Hello team, working with aws glue is there a way to work with delta and at the same time writing to glue catalog? My question is suppose i have 3 partitions : a, b, c and i want to overwrite a how to handle it with delta/glue?

Jatin Sharma

10/10/2023, 9:35 AM

Hi, when I'm doing a MERGE operation on a delta table through scala delta-spark APIs, how can I find out the version number checked in as part of that MERGE command? In addition I also want to view the transaction operationMetrics for this particular write also. Is there a good way to do this?

Gokhan Ozturk

10/10/2023, 12:48 PM

Hi everyone, I am investigating how Delta Lake's performance with a cloud storage solution compares to its performance with HDFS or Ceph. Can anyone share useful links or info? Thanks in advance,

Douglas

10/10/2023, 1:21 PM

@Scott Sandre (Delta Lake) when does the .rc2 release make it to pypi? https://delta-users.slack.com/archives/CG9LR6LN4/p1696894066958009

Pedro Salgado

10/10/2023, 2:11 PM

Hi all, quick question: I am using the delta-rs package from python, and I don't find any documentation related to set table properties ex:

delta.logRetentionDuration

as we usually do trough spark sql with

ALTER TABLE SET TBLPROPERTIES

. I was able to check the rust code and find reference to the config and is usage in the checkpoint creation, but the cleanup flag is not exposed in python... source: https://github.com/delta-io/delta-rs/blob/main/rust/src/protocol/checkpoints.rs#L95 Any idea how can I achieve log cleanup in delta-rs similar to delta spark?

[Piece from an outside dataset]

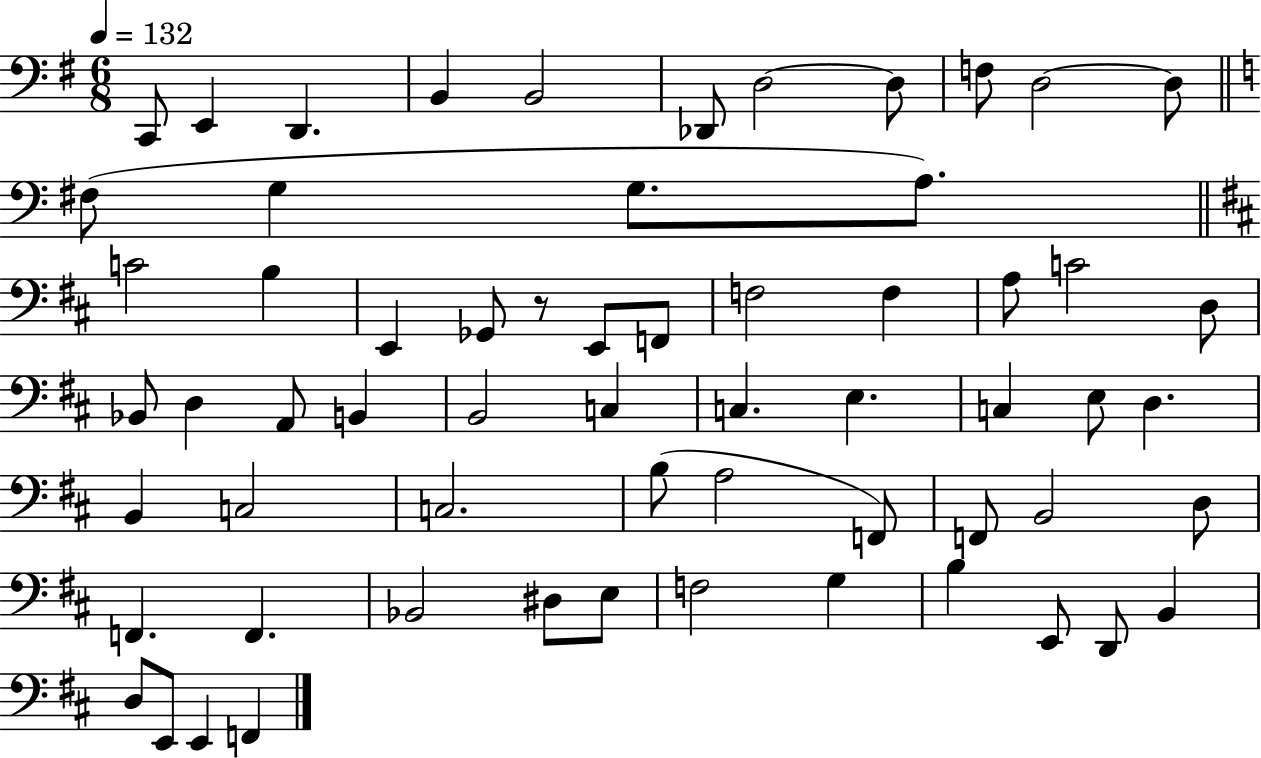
C2/e E2/q D2/q. B2/q B2/h Db2/e D3/h D3/e F3/e D3/h D3/e F#3/e G3/q G3/e. A3/e. C4/h B3/q E2/q Gb2/e R/e E2/e F2/e F3/h F3/q A3/e C4/h D3/e Bb2/e D3/q A2/e B2/q B2/h C3/q C3/q. E3/q. C3/q E3/e D3/q. B2/q C3/h C3/h. B3/e A3/h F2/e F2/e B2/h D3/e F2/q. F2/q. Bb2/h D#3/e E3/e F3/h G3/q B3/q E2/e D2/e B2/q D3/e E2/e E2/q F2/q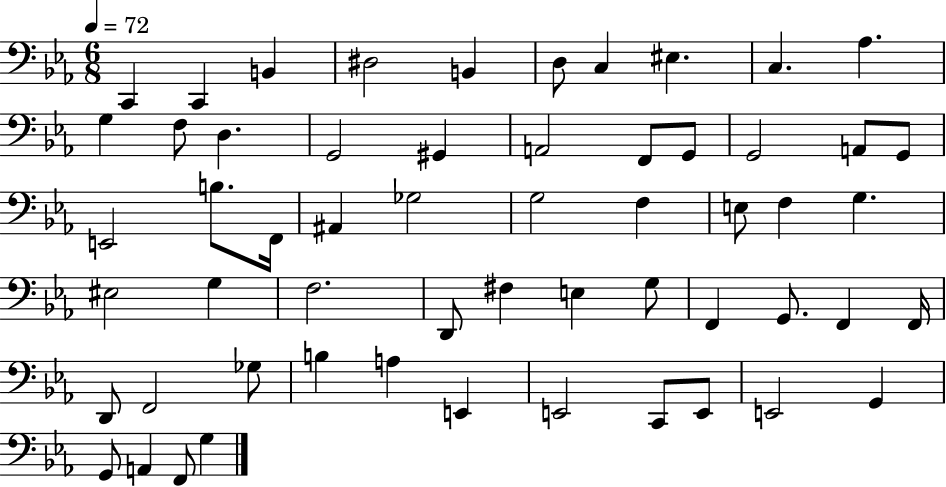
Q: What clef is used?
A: bass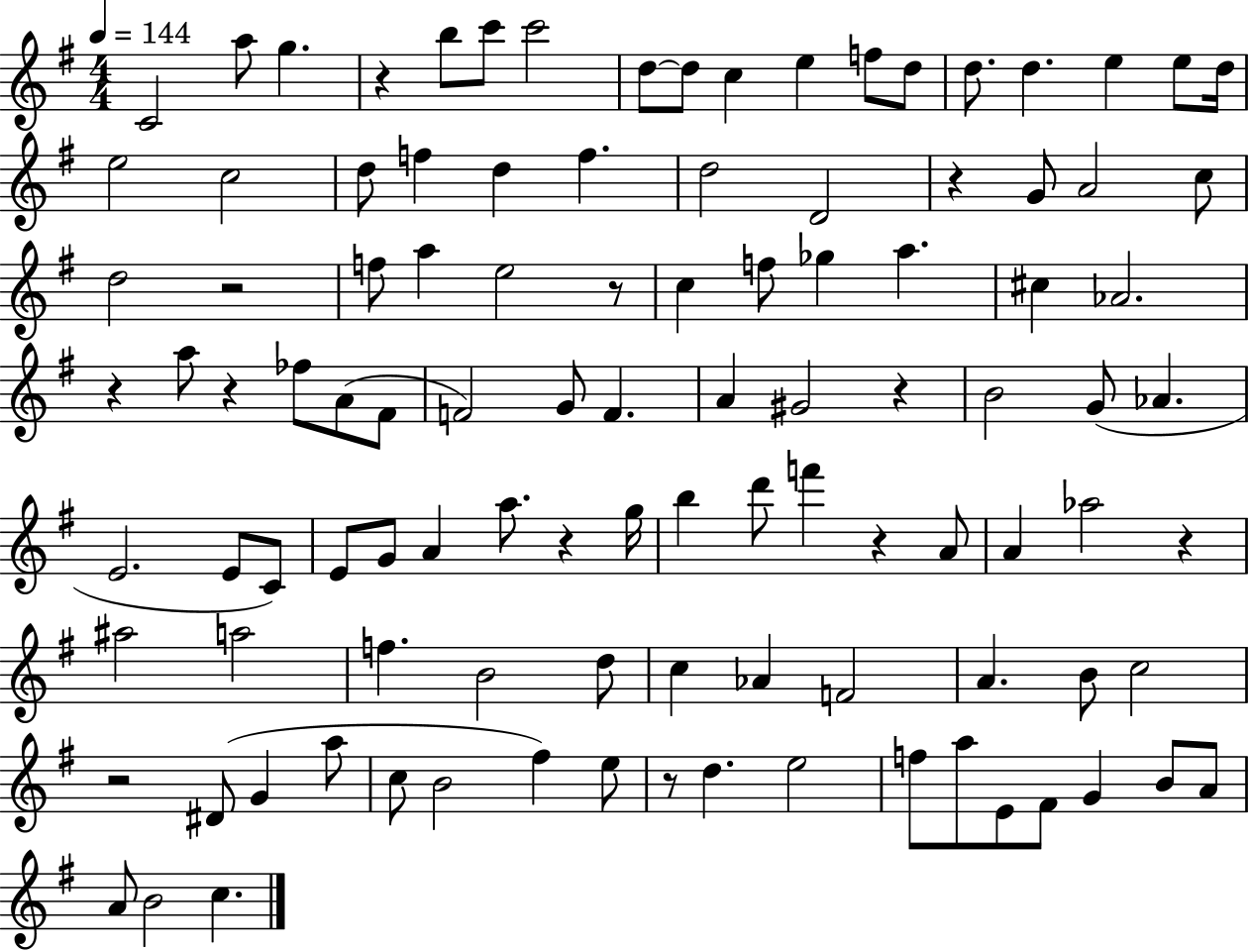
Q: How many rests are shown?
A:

Thanks!

Christina

10/11/2023, 1:42 PM

Hi folks, spark / jdbc question. from this doc https://join.slack.com/t/carvanaalumni-dmr1806/shared_invite/zt-24tqc2ac5-ZZ3O5yUIREntCXixBjoMRg we know there is a query vs db table option. we like the db table option bc we can control parallism, but wonder in the case of a very wide table. in the below case, do i end up pulling all the data out of the source db, or will the jdbc connector only pull the columns used in the display query?

Copy code

employees_table = (spark.read
  .format("jdbc")
  .option("url", "<jdbc-url>")
  .option("dbtable", "<table-name>")
  .option("user", "<username>")
  .option("password", "<password>")
  .option("partitionColumn", "<partition-key>")
  .option("lowerBound", "<min-value>")
  .option("upperBound", "<max-value>")
  .option("numPartitions", 8)
  .load()
)

display(employees_table.select("age", "salary").groupBy("age").avg("salary"))

Perfect Stranger

10/11/2023, 4:18 PM

Can delta lake be used with hive metastore? I read something about generating manifests and then registering them in Hive metastore in order for Trino to read delta tables, but is there a newer way that doesn't require this? https://docs.delta.io/latest/presto-integration.html <- this article says that the manifest based approach is old, and now "Trino natively supports reading delta tables", however the Trino delta lake connector article talks about configuring delta lake in Trino through hive metastore. How do I configure delta lake through hive metastore without manifests?